> DESCRIPTION OF THE TASK:
What you return must be the data below, word for word, without any images.

───── RECORDED DATA

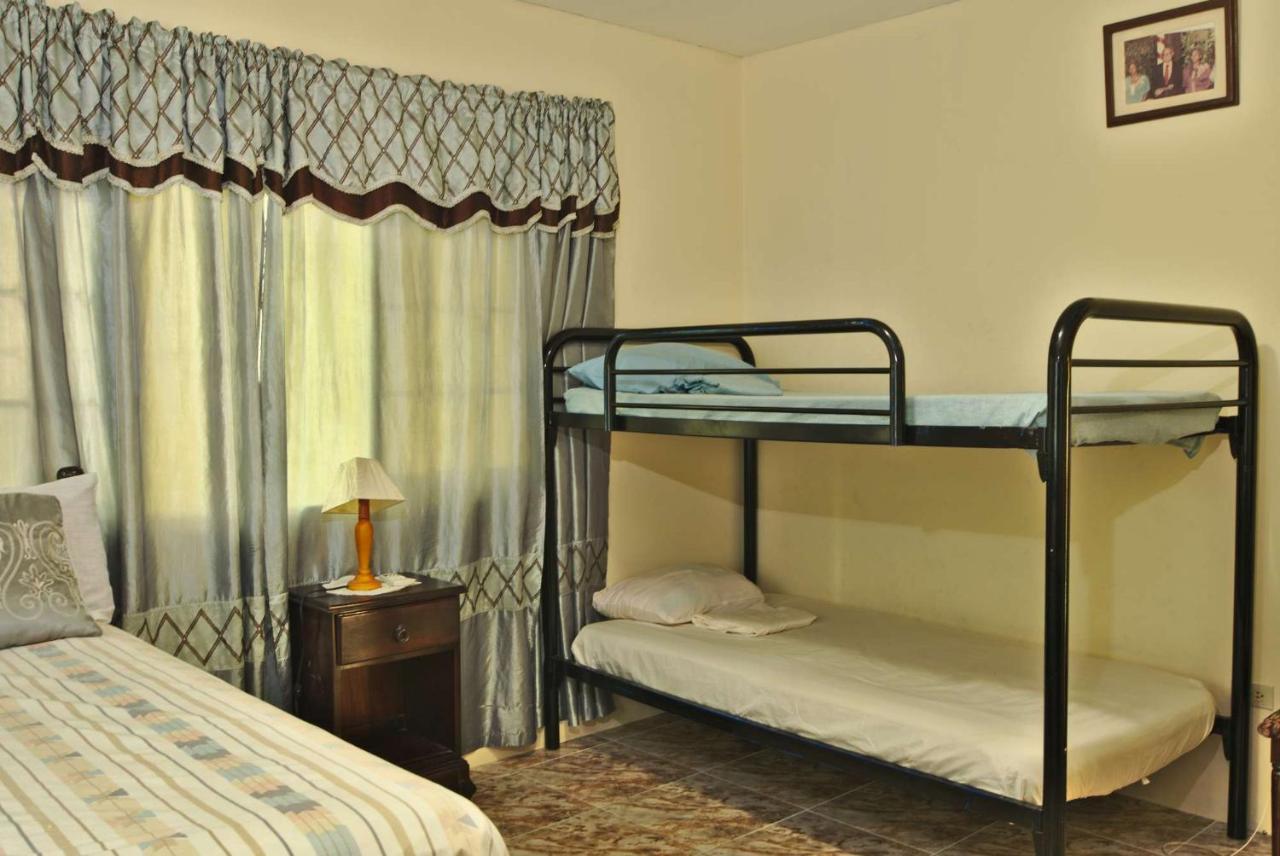 كينغستون Dancehall Hostel المظهر الخارجي الصورة
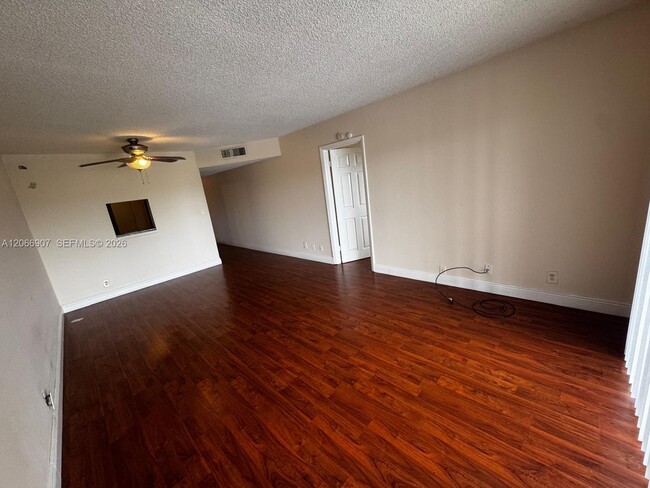 Building Photo - 8020 N Colony Cir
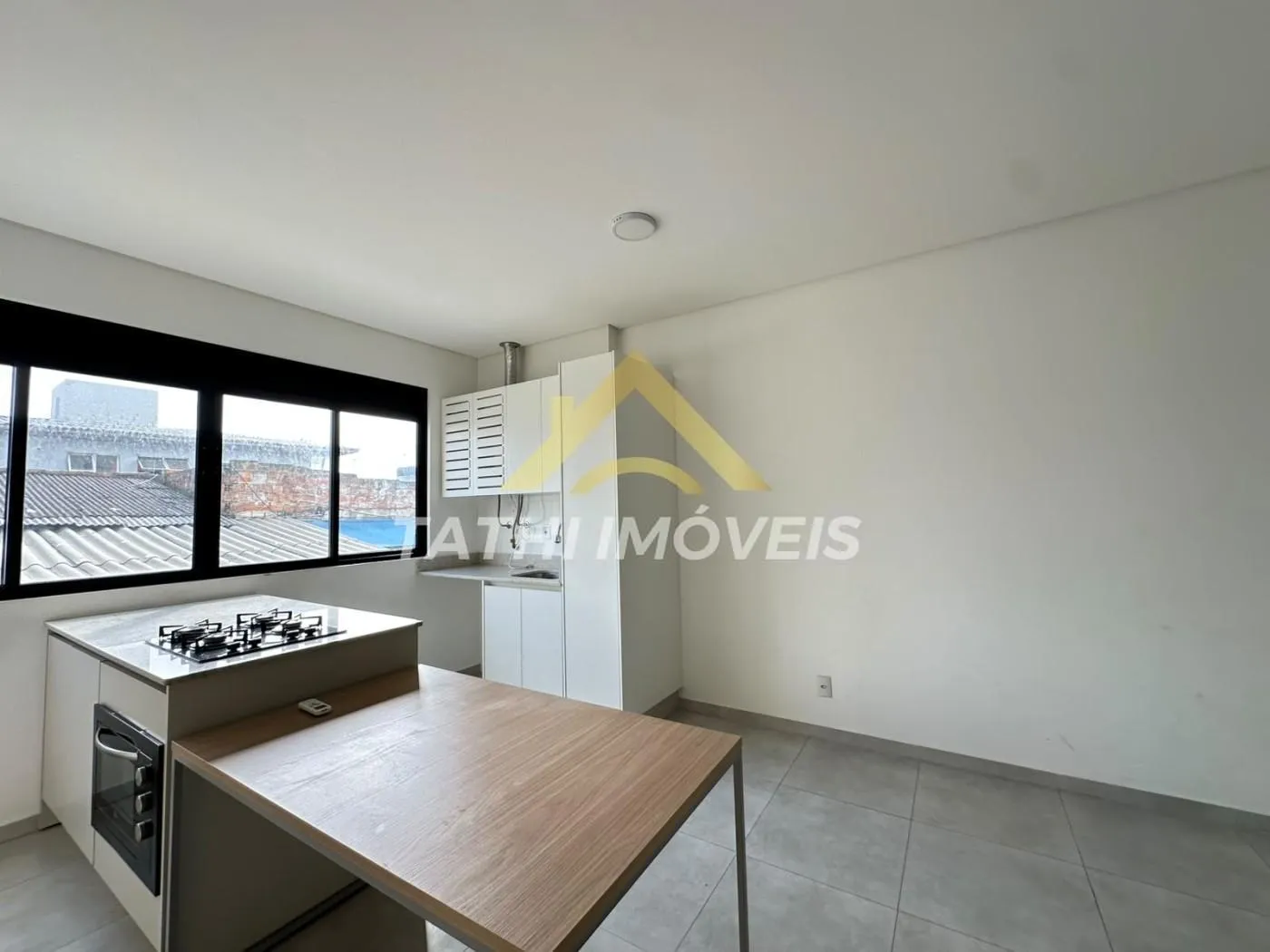 2-bedroom apartment with air conditioning in the suite — photo 17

──────────

> EXERCISE RESPONSE:
 كينغستون Dancehall Hostel المظهر الخارجي الصورة
 Building Photo - 8020 N Colony Cir
 2-bedroom apartment with air conditioning in the suite — photo 17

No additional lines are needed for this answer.